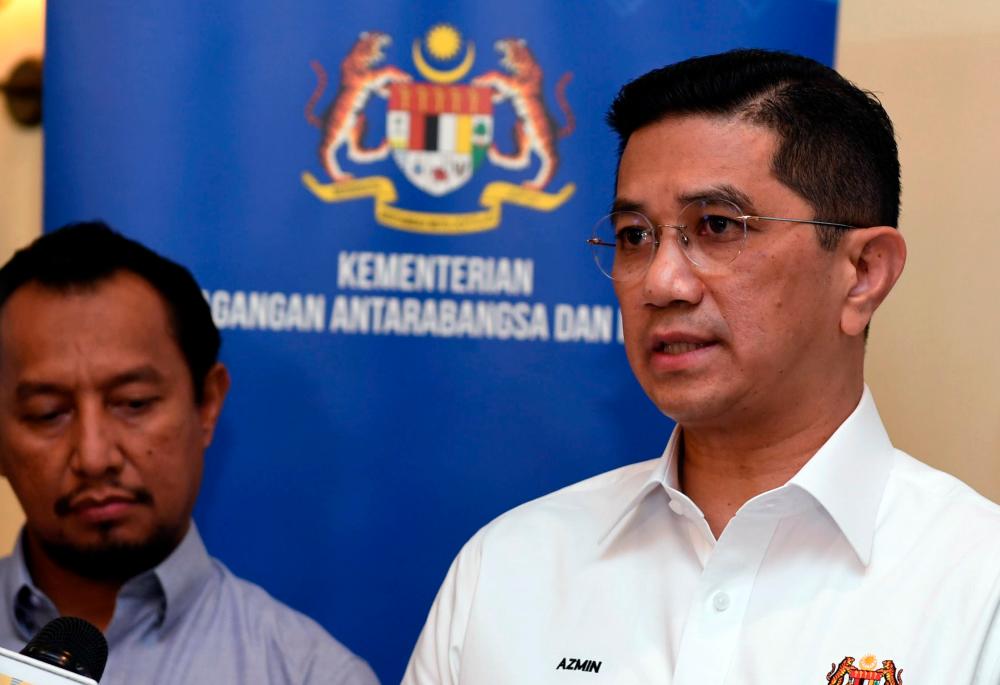 Senior Minister cum International Trade and Industry Minister Datuk Seri Mohamed Azmin Ali talks to reporters after his meeting with Bumiputera entrepreneurs in conjunction with his working visit to Sabah today. — Bernama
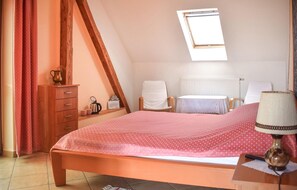 Un dormitorio con techo inclinado, una cama con colcha rosa, un aparador de madera, un radiador y una mesita de noche con lámpara.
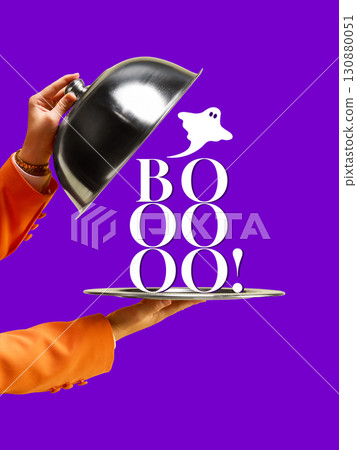 Graphic composition. Boo ghost text on silver tray with orange sleeve hand and bright purple background 130880051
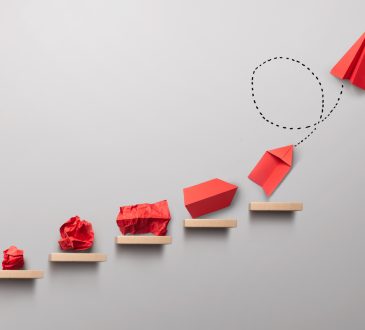 Wooden steps with different stages of making a paper airplane, creating something from nothing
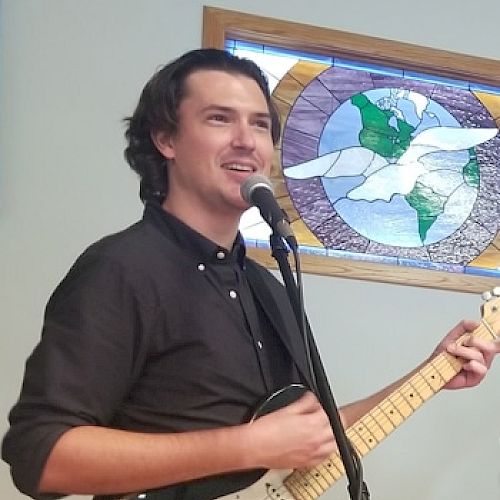 A person is singing and playing an electric guitar in front of a microphone, with a stained glass window in the background depicting a dove.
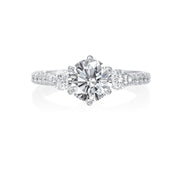 This Jack Kelege engagement ring has beautiful details from every angle. The center round brilliant diamond is framed by two smaller round brilliant diamonds weighing 0.28ctw for a classic three-stone look. On the profile of the ring are intricate diamond, milgrain and etched details that will delight any bride to be! Center diamond is not included in the price shown. 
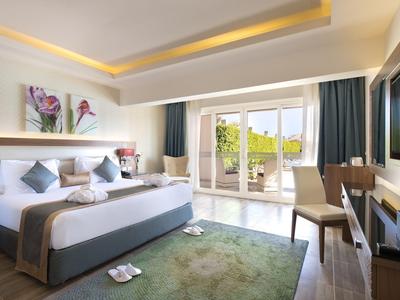 Heller Hotelraum mit großem Bett, Teppich, Stühlen und Balkon mit Ausblick auf die Natur.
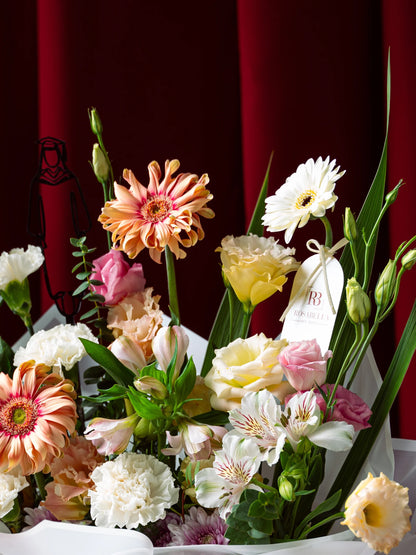 Milestone Blooms Handbag Arrangement with vibrant flowers in an elegant handbag, crafted as graduation flowers, available with delivery to Dubai, Sharjah, and Muwaileh.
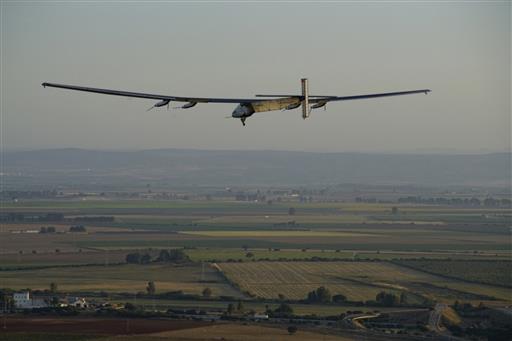 In this photo provided by Solar Impulse 2, the solar powered plane, piloted by Swiss pioneer Bertrand Piccard, prepares to land in Seville in Spain Thursday, June 23, 2016. Swiss officials say an experimental solar-powered airplane has completed a three-day flight across the Atlantic in the latest leg of its globe-circling voyage. The Aero-Club of Switzerland said the Solar Impulse 2 landed in Seville in southern Spain at 0540 GMT on Thursday, ending a 70-hour flight which began from New York City on Monday. (Jean Revillard/Solar Impulse 2 via AP)  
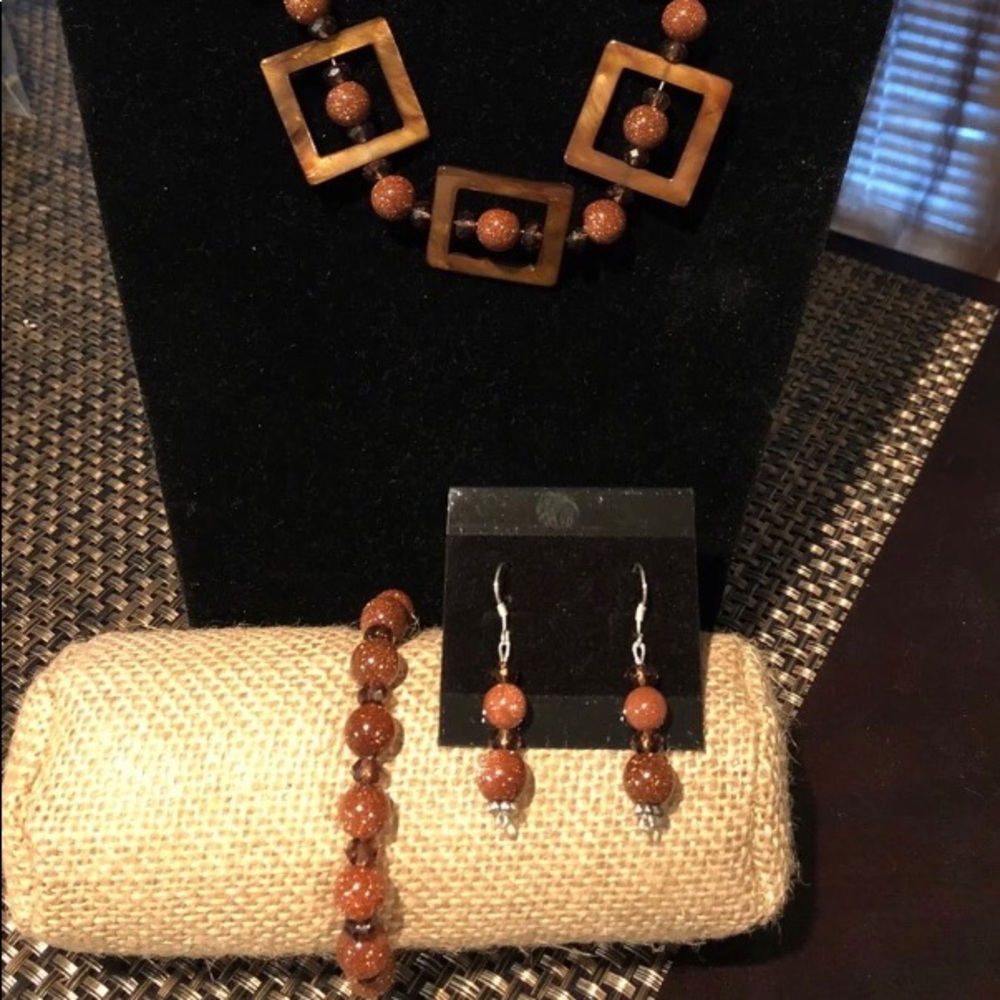 Matching necklace, earrings, and bracelet
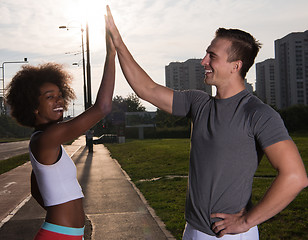 Image showing couple congratulating on morning run ginis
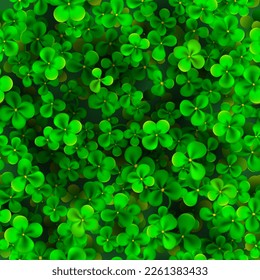 Seamless pattern for St. Patrick's Day made of realistic clover leaves in green colors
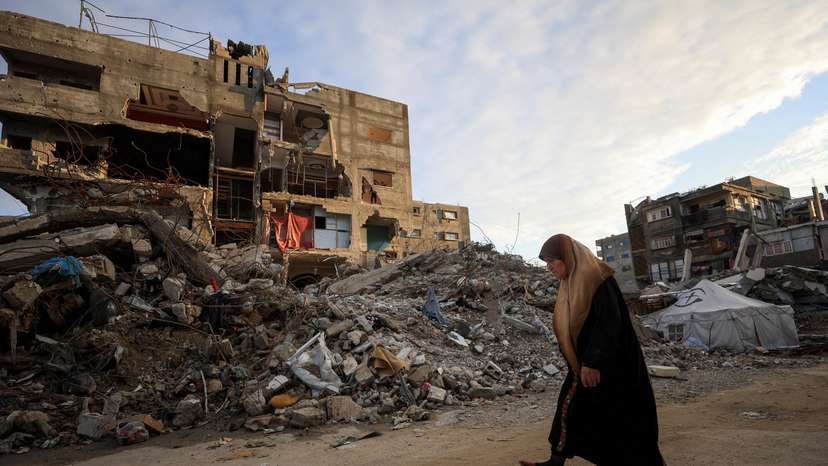 FILE PHOTO: Palestinian woman walks past residential buildings damaged and destroyed during the war, in Gaza City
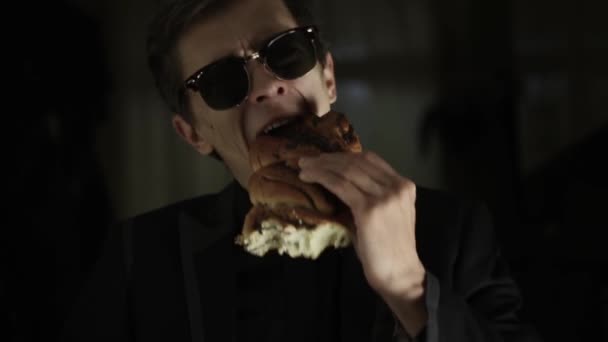 Estilo tipo en gafas negras come rollo. Comer un rollo en una chaqueta en un fondo negro — Vídeo de stock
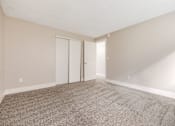 Thumbnail 20 of 31 - A room with carpeted floor and two doors.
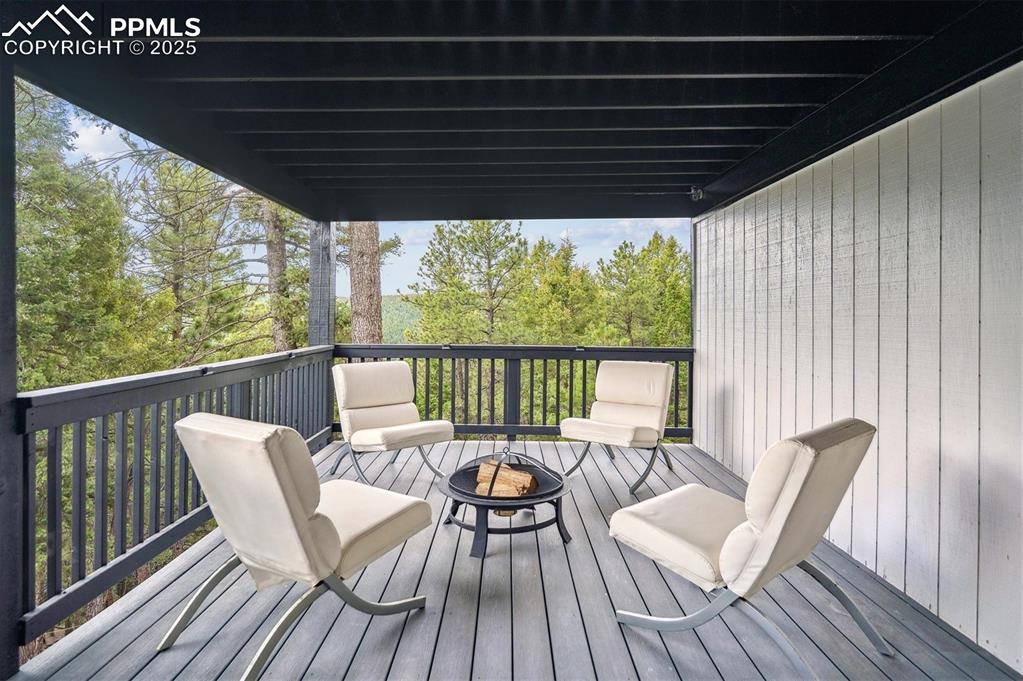Image 27 of 44: Wooden terrace with an outdoor fire pit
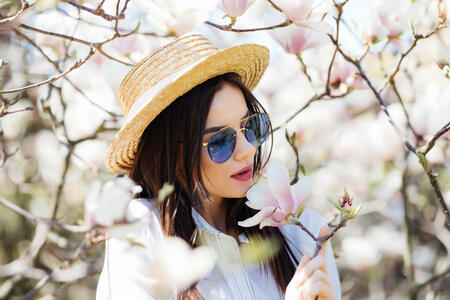 Young woman in hat and sunglasses surrounded with magnolia flowers tree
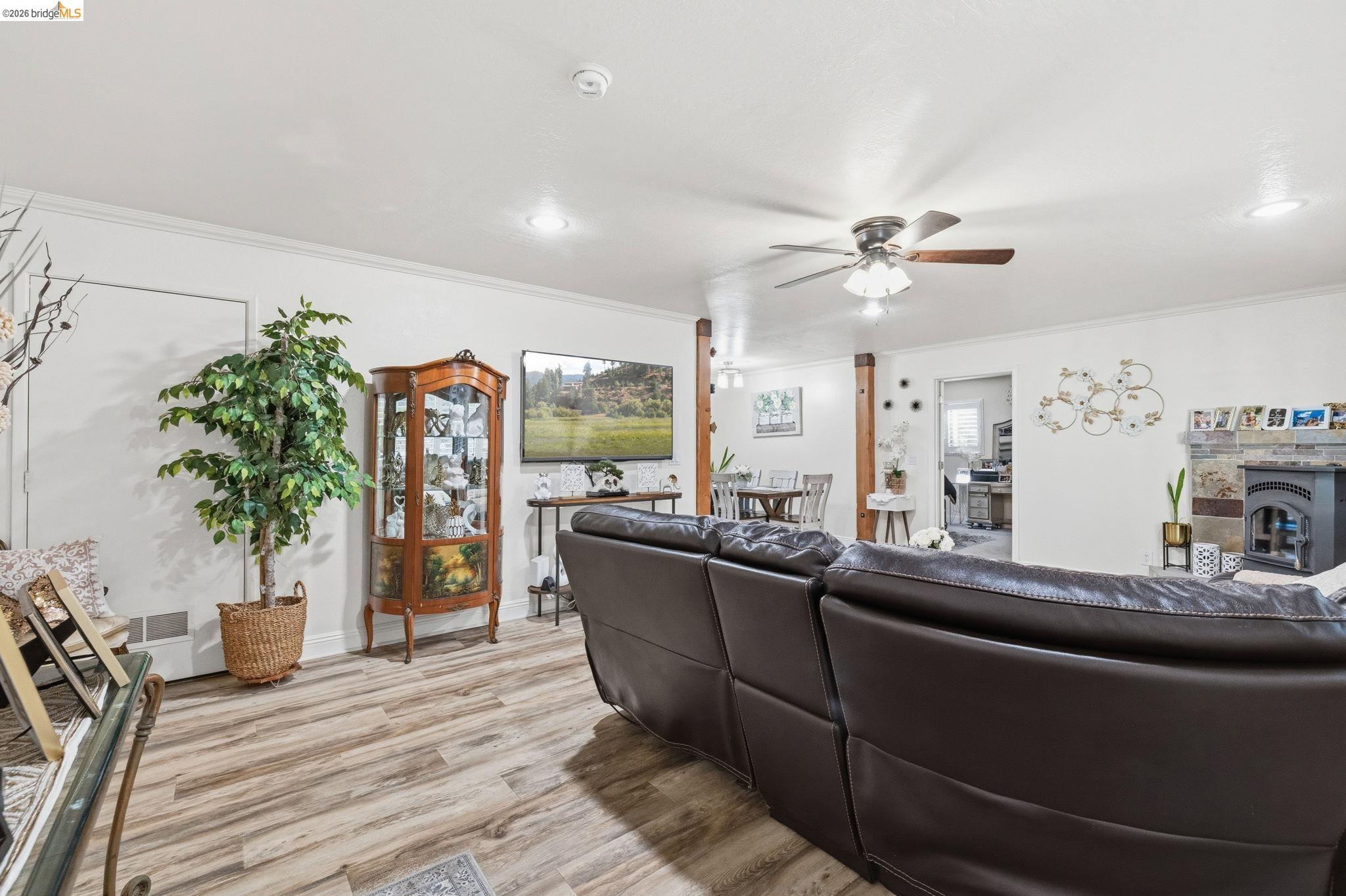 21999 Fallview Drive Sonora, CA 95370 - Photo 9 of 36 Living room featuring a ceiling fan, light wood-type flooring, ornamental molding, and recessed lighting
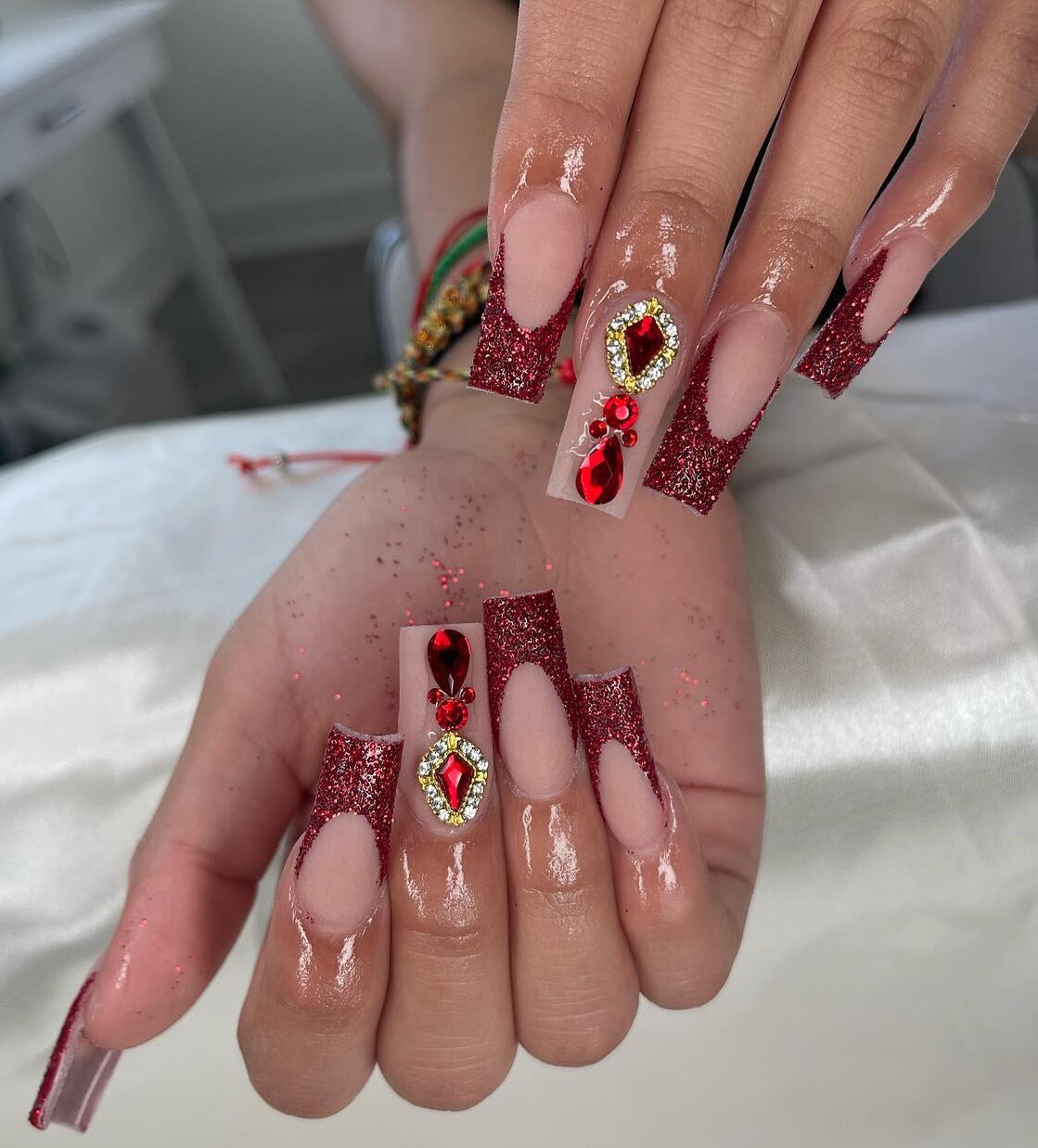 Vernis à ongles de couleur nude avec des pointes françaises rouges scintillantes, du bling 3D et des strass sur de longs ongles carrés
────────────────────────────────────────
# Required action
Take the line containing "FILE PHOTO: Palestinian" through the last line of the material and retype exactly those lines, both ends included, with no pictures.

# Response to this exercise
 FILE PHOTO: Palestinian woman walks past residential buildings damaged and destroyed during the war, in Gaza City
 Estilo tipo en gafas negras come rollo. Comer un rollo en una chaqueta en un fondo negro — Vídeo de stock
 Thumbnail 20 of 31 - A room with carpeted floor and two doors.
Image 27 of 44: Wooden terrace with an outdoor fire pit
 Young woman in hat and sunglasses surrounded with magnolia flowers tree
 21999 Fallview Drive Sonora, CA 95370 - Photo 9 of 36 Living room featuring a ceiling fan, light wood-type flooring, ornamental molding, and recessed lighting
 Vernis à ongles de couleur nude avec des pointes françaises rouges scintillantes, du bling 3D et des strass sur de longs ongles carrés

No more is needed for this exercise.